BEGIN Provided data

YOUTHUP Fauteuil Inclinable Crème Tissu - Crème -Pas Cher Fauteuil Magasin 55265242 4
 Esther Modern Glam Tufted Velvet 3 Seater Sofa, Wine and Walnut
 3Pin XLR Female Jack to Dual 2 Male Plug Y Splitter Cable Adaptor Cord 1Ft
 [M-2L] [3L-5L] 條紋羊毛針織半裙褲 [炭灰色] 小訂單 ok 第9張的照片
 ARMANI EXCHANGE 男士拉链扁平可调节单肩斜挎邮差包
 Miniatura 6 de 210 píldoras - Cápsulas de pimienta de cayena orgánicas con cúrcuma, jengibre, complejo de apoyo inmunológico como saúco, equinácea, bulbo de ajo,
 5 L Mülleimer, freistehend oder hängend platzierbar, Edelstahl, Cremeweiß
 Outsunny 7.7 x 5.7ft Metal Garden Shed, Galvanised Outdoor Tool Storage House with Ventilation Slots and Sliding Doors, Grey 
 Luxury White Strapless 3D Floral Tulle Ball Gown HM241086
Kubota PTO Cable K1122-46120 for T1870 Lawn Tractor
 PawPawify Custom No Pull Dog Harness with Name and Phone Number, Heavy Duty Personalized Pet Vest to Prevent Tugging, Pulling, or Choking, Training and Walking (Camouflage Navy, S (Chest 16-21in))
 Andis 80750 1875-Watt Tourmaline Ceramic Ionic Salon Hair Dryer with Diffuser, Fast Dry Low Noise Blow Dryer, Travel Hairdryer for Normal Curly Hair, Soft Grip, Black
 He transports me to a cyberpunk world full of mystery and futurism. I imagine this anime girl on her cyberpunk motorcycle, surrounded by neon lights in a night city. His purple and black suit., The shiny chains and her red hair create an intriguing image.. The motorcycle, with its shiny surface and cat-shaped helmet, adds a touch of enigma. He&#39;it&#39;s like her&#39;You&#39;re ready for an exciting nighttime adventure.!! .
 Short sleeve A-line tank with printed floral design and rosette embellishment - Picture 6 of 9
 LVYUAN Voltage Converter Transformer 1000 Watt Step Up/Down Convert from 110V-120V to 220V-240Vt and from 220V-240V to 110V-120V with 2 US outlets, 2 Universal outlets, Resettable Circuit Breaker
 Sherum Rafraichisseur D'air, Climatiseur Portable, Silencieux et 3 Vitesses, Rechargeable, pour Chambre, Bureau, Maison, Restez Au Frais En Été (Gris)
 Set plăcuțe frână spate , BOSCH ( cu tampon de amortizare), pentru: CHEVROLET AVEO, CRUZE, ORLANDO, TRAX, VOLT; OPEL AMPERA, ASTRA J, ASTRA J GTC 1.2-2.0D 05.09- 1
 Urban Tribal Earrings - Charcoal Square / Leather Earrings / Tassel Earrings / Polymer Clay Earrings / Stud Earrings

END Provided data

> Work to be completed:
Once you have read the records, repeat them all exactly.

> Exercise answer:
YOUTHUP Fauteuil Inclinable Crème Tissu - Crème -Pas Cher Fauteuil Magasin 55265242 4
 Esther Modern Glam Tufted Velvet 3 Seater Sofa, Wine and Walnut
 3Pin XLR Female Jack to Dual 2 Male Plug Y Splitter Cable Adaptor Cord 1Ft
 [M-2L] [3L-5L] 條紋羊毛針織半裙褲 [炭灰色] 小訂單 ok 第9張的照片
 ARMANI EXCHANGE 男士拉链扁平可调节单肩斜挎邮差包
 Miniatura 6 de 210 píldoras - Cápsulas de pimienta de cayena orgánicas con cúrcuma, jengibre, complejo de apoyo inmunológico como saúco, equinácea, bulbo de ajo,
 5 L Mülleimer, freistehend oder hängend platzierbar, Edelstahl, Cremeweiß
 Outsunny 7.7 x 5.7ft Metal Garden Shed, Galvanised Outdoor Tool Storage House with Ventilation Slots and Sliding Doors, Grey 
 Luxury White Strapless 3D Floral Tulle Ball Gown HM241086
Kubota PTO Cable K1122-46120 for T1870 Lawn Tractor
 PawPawify Custom No Pull Dog Harness with Name and Phone Number, Heavy Duty Personalized Pet Vest to Prevent Tugging, Pulling, or Choking, Training and Walking (Camouflage Navy, S (Chest 16-21in))
 Andis 80750 1875-Watt Tourmaline Ceramic Ionic Salon Hair Dryer with Diffuser, Fast Dry Low Noise Blow Dryer, Travel Hairdryer for Normal Curly Hair, Soft Grip, Black
 He transports me to a cyberpunk world full of mystery and futurism. I imagine this anime girl on her cyberpunk motorcycle, surrounded by neon lights in a night city. His purple and black suit., The shiny chains and her red hair create an intriguing image.. The motorcycle, with its shiny surface and cat-shaped helmet, adds a touch of enigma. He&#39;it&#39;s like her&#39;You&#39;re ready for an exciting nighttime adventure.!! .
 Short sleeve A-line tank with printed floral design and rosette embellishment - Picture 6 of 9
 LVYUAN Voltage Converter Transformer 1000 Watt Step Up/Down Convert from 110V-120V to 220V-240Vt and from 220V-240V to 110V-120V with 2 US outlets, 2 Universal outlets, Resettable Circuit Breaker
 Sherum Rafraichisseur D'air, Climatiseur Portable, Silencieux et 3 Vitesses, Rechargeable, pour Chambre, Bureau, Maison, Restez Au Frais En Été (Gris)
 Set plăcuțe frână spate , BOSCH ( cu tampon de amortizare), pentru: CHEVROLET AVEO, CRUZE, ORLANDO, TRAX, VOLT; OPEL AMPERA, ASTRA J, ASTRA J GTC 1.2-2.0D 05.09- 1
 Urban Tribal Earrings - Charcoal Square / Leather Earrings / Tassel Earrings / Polymer Clay Earrings / Stud Earrings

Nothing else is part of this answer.